The IPKat is happy to host this guest contribution by Prof Martin Kretschmer (CREATe, University of Glasgow):
New empirical research on Intellectual Property Litigation and Platform Regulation
by Martin Kretschmer
CREATe, the UK Copyright and Creative Centre based at the University of Glasgow, is presenting new empirical research in a half-day conference on 26 February 2020 at the British Institute of International and Comparative Law in London.
Four empirical studies on IP Litigation
Litigation is the theme for the first part of the event, with the presentation of quantitative studies on intellectual property litigation in the Intellectual Property Enterprise Court, High Court of England and Wales, and Court of Justice of the European Union.

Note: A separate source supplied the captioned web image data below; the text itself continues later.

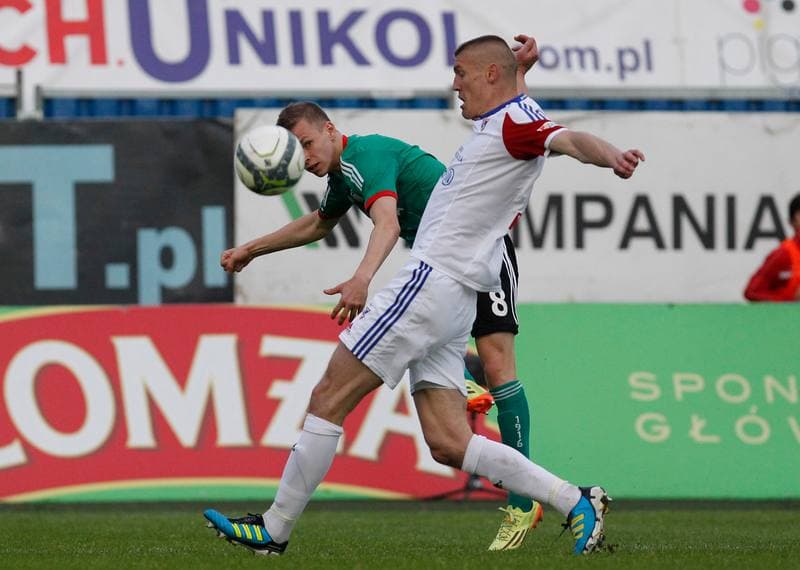 Football. T-Mobile Ekstraklasa. Gornik Zabrze - Legia Warsaw. 18.05.2014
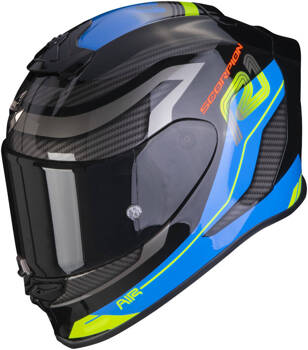 Kask motocyklowy integralny SCORPION EXO-R1 AIR VATIS czarny-niebieski L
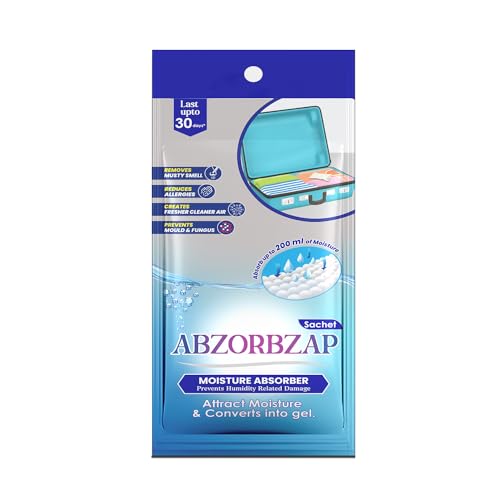 Image of Moisture Absorber with activated charcoal |Absorbs 200ml of moisture | Dehumidifier for Bags, Suitcases & Drawers | Protects against Moisture, Mold, Fungus & Bad Odor |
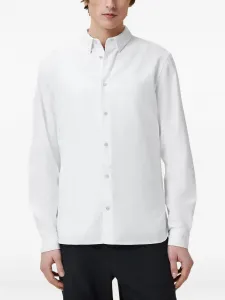 Рубашка Haven с вышитым логотипом AllSaints, белый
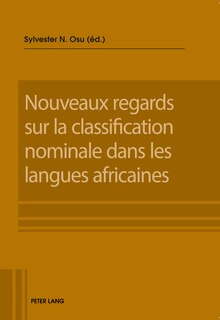 Front cover_Nouveaux regards sur la classification nominale dans les langues africaines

Dr Sheona Burrow and Dr Elena Cooper (University of Glasgow) negotiated exclusive access to all Intellectual Property Enterprise Court Small Claims Track Court (IPEC STC) files for its first three years of operation (1 October 2012 to 31 December 2015). They explore the types of remedies commonly granted by the Court, the sums awarded and the most pertinent arguments when assembling a case. An underpinning paper was published in the journal Legal Studies: Photographic Copyright and the Intellectual Property Enterprise Court in Historical Perspective.

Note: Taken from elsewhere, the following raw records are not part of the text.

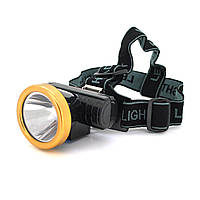 Налобний ліхтарик Watton WT-065, LED T6, 5W, 3 режими, корпус-пластик, водостійкий, ip44, вбудований акум от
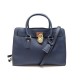 SAC A MAIN MICHAEL KORS LOCKET AP-1309 EN CUIR GRAINE BLEU BANDOULIERE BAG 300€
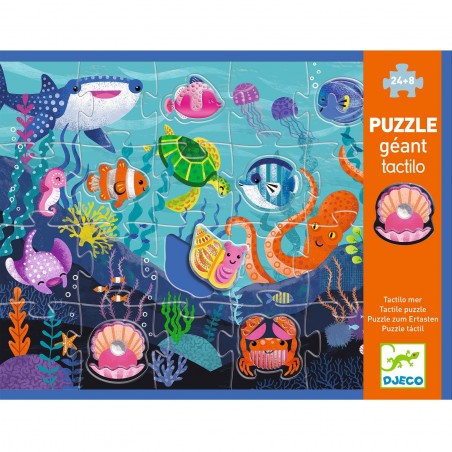 Puzzle géant Tactilo mer - Djeco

Dr Georg von Graevenitz (Queen Mary, University of London) and Dr Luke McDonagh (City University) developed a dataset containing details of all court cases on copyright heard at the High Court and the Intellectual Property Enterprise Court during 2009-2015. With the support of judges at the Chancery Division – including the High Court and IPEC – the researchers used a method (capturing information on judges, parties, claims, defences, and outcomes including appeals) that had already delivered detailed data on patent cases. See Christian Helmers, Yassine Lefouili & Luke McDonagh, Evaluation of the Reforms of the Intellectual Property Enterprise Court 2010-2013 (UKIPO 2015). The new research shows that copyright is the most litigated right in the High Court (with an average of around 300 claims per annum, ahead of trade marks, patents or designs). The majority of copyright cases are taken by collecting societies PPL/PRS and FA Premier League and are settled quickly, before a court hearing.

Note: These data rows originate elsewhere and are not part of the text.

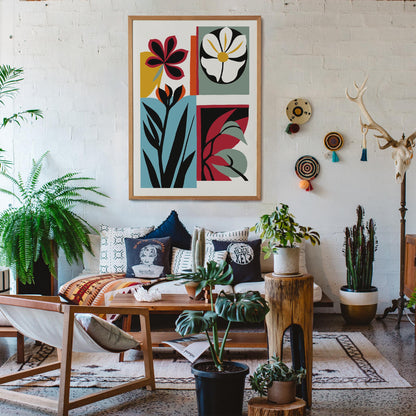 Modern Floral Wall Art Print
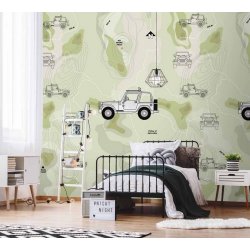 Decoraci&oacute;n con Fotomural Kate & Andy INK7448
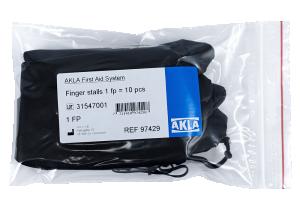 Fingertuta 10-pack, Skinn, AKLA 97429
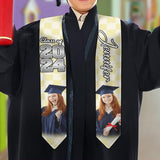 Photo Custom Graduation Stole Sash - Personalized Graduation Graduation Stole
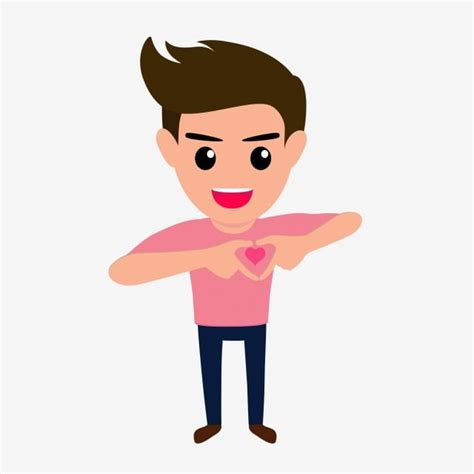 Gestures Clipart Vector Heart Shaped Heart Gesture Gesture Cartoon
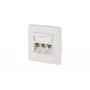 Gniazdo RJ-45 BTR NETCOM 130B12D31002-E białe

Georg von Graevenitz will also present a new study on trade mark clutter and non-use at the EU Intellectual Property Office. To register a trade mark the owner must declare which goods and services the mark will be used for. This restricts which marks other applicants can obtain. Jurisdictions differ in how they ensure that registered use accords to actual use. Exploiting the 2016 reform of trade mark fees in Europe, von Graevenitz will show that registered use very frequently exceeds actual use.
The work by Dr Marcella Favale (Bournemouth University), Prof. Martin Kretschmer and Prof. Paul Torremans (University of Nottingham) investigates the influence of EU Member States on the rulings of the Court of Justice of the European Union, again with a focus on copyright law. Examining 170 documents relating to 42 cases registered between 1998 and 2015, they measure empirically the impact of submissions by Member States and the European Commission on the interpretation of copyright concepts. Findings indicate that France is the most influential country by some distance, both in terms of the number of interventions (an ‘investment’ in policy) and in terms of persuasive power (arguments adopted by the Court). The evidence also suggests that the departure of the UK from EU litigation will disturb the balance of CJEU jurisprudence. The full paper entitled Who Is Steering the Jurisprudence of the European Court of Justice? The Influence of Member State Submissions on Copyright Law is forthcoming in the Modern Law Review.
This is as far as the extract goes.